埼玉新聞

 

阿炎が初V、埼玉・越谷出身 小学生時代から指導の恩師、阿炎とLINE「抱き合って泣いちゃうかも」

  • 阿炎関の初優勝を喜ぶ相撲ファン=27日午後、草加市氷川町の相撲居酒屋「闘勝花」

 越谷市出身で西前頭9枚目の阿炎関=本名・堀切洸助さん=が大相撲九州場所を制し、初賜杯を手にした。新型コロナガイドライン違反の3場所出場停止や手術を乗り越えた末の悲願に、恩師は「上を目指して」と激励。小中学校時代に稽古場のあった草加市の飲食店は、「よくやった」「恩返しの活躍」と歓喜に包まれた。

 草加市氷川町の相撲居酒屋「闘勝花」では、午後3時前から相撲ファンが集まった。

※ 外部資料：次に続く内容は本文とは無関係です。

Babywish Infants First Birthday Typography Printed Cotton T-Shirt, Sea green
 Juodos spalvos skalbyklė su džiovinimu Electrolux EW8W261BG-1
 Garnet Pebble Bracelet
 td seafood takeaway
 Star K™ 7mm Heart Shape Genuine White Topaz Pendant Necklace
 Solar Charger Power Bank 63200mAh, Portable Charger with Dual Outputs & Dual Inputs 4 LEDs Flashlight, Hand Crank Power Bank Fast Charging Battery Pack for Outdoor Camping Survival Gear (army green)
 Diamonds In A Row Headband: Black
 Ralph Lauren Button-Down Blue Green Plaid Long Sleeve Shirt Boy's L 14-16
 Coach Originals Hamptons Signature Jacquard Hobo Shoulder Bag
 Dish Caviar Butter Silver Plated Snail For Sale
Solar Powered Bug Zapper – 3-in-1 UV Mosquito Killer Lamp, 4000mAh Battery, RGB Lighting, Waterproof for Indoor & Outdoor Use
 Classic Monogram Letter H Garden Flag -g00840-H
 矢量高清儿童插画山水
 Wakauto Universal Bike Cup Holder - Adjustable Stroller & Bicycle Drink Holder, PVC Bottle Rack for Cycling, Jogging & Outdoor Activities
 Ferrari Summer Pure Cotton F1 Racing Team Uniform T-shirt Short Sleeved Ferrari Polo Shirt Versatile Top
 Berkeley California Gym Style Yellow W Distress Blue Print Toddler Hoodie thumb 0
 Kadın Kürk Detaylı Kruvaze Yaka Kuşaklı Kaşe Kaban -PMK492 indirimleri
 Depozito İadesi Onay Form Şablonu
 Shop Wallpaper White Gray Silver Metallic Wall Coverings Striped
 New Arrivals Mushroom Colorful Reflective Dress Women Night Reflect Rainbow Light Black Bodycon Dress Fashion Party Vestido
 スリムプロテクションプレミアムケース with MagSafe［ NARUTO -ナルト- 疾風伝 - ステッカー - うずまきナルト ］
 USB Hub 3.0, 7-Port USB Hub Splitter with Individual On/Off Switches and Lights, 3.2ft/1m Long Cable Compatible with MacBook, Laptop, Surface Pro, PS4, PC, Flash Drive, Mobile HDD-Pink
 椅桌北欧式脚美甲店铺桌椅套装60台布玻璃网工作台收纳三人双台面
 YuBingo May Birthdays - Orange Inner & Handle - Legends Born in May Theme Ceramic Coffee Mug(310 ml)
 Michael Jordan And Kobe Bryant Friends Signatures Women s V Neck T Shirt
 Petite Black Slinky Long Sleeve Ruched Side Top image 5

阿炎関が28年ぶりの優勝決定ともえ戦を制すと、大きな歓声が上がった。

 オーナーで元力士の福田雅文さん(43)は阿炎関と昔から親交があり、「今日一日を盛り上げてくれた」と喜んだ。

 越谷市立西方小学校1年の時に「わんぱく相撲越谷場所」出場がきっかけで、3年生から本格的に相撲の道へ。練習環境を求めて草加市の「草加相撲練修会」に通った。大相模中学、千葉県立流山南高校を卒業後、角界入りした。

 順調に番付を駆け上がるも、2020年7月場所中に新型コロナガイドラインに反した不要不急の外出で、3場所出場停止処分を受け、番付は幕下に転落した。

 7場所ぶりに再入幕した1年前の九州場所で敢闘賞を受賞し復活。今年初場所でも最後まで賜杯レースに加わった。

 草加相撲練修会で監督を務めていた常光弘泰さん(58)は阿炎関を小学6年生から指導した。「本当によくやった」と大絶賛し「あいつの夢は大関。これでもっと上(の番付)を目指し、夢に向かって一歩踏み出せる」と期待した。

 小学生時代の阿炎関は「手足が長く、ひょろっとした印象」。しかし勝負事となると負けん気が強く、天性の相撲センスで実力を伸ばした。「大会があるたびに『俺、優勝するから』といつも言っていた。ここ一番に強い子。今場所も手術明けで心配したが、思い切り良い相撲が光った」

 コロナ下で最近は会えていないが、無料通信アプリLINE(ライン)で連絡を取り合う仲。もし久しぶりに顔を合わせたら、「うれしくて抱き合って泣いちゃうかも」。常光さんは、その日を心待ちにする。

 夢をかなえた阿炎関に対して「(出場停止時は)親方や後援者など多くの人に迷惑をかけたから、少しは報えたのでは」と気持ちを察し、「(結婚して)家族もできた。初優勝は大切な家族と喜んでほしい。そして多くの支えに恩返しできる活躍を、今後も続けて」と教え子にエールを送った。